Exercise aim> Repeat the records below exactly as they appear, leaving out any pictures.

Recorded information>
<<<<

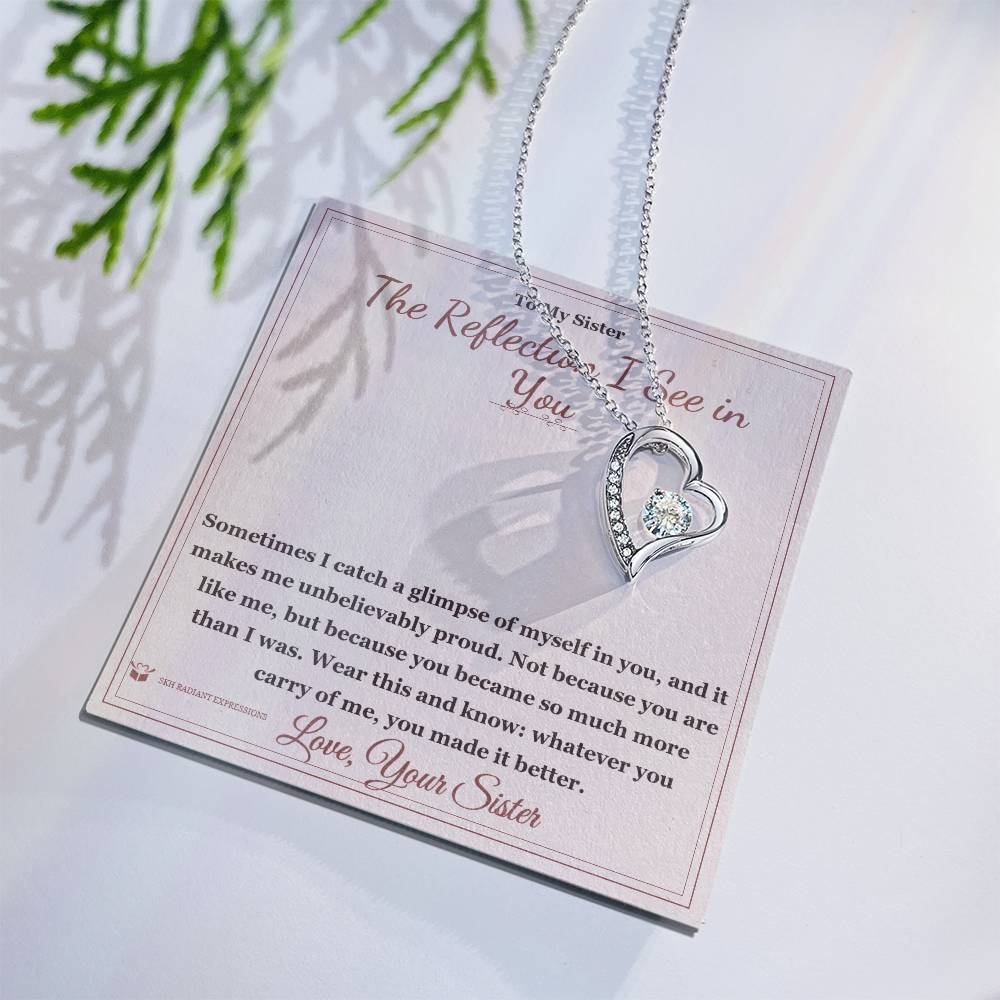 The Reflection I See in You - Forever Love Necklace for Sister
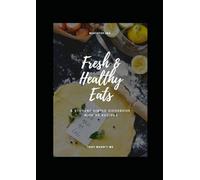 Fresh & Healthy Eats Un livre de cuisine simple pour étudiants et parents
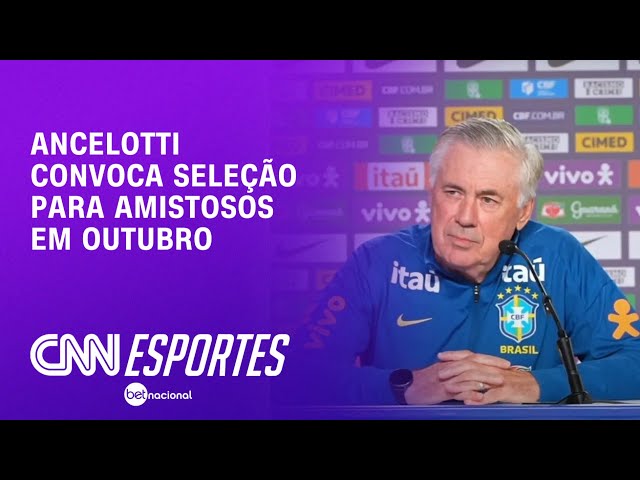 Ancelotti convoca seleção para amistosos em outubro | CNN PRIME TIME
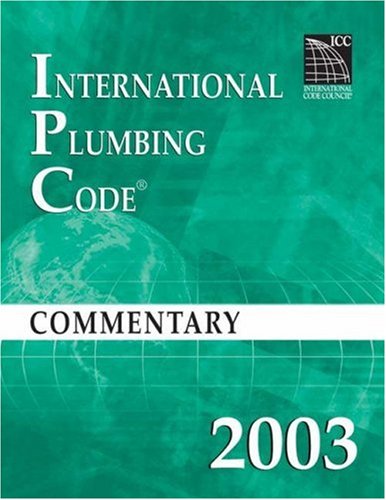 2003 International Plumbing Code Commentary (International Code Council Series)
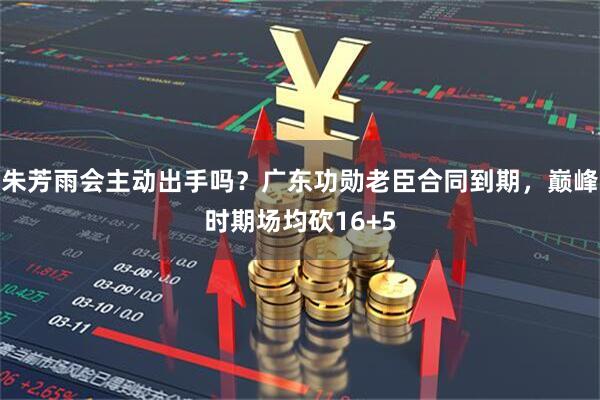 朱芳雨会主动出手吗？广东功勋老臣合同到期，巅峰时期场均砍16+5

>>>>

Exercise output>
 The Reflection I See in You - Forever Love Necklace for Sister
 Fresh & Healthy Eats Un livre de cuisine simple pour étudiants et parents
 Ancelotti convoca seleção para amistosos em outubro | CNN PRIME TIME
 2003 International Plumbing Code Commentary (International Code Council Series)
 朱芳雨会主动出手吗？广东功勋老臣合同到期，巅峰时期场均砍16+5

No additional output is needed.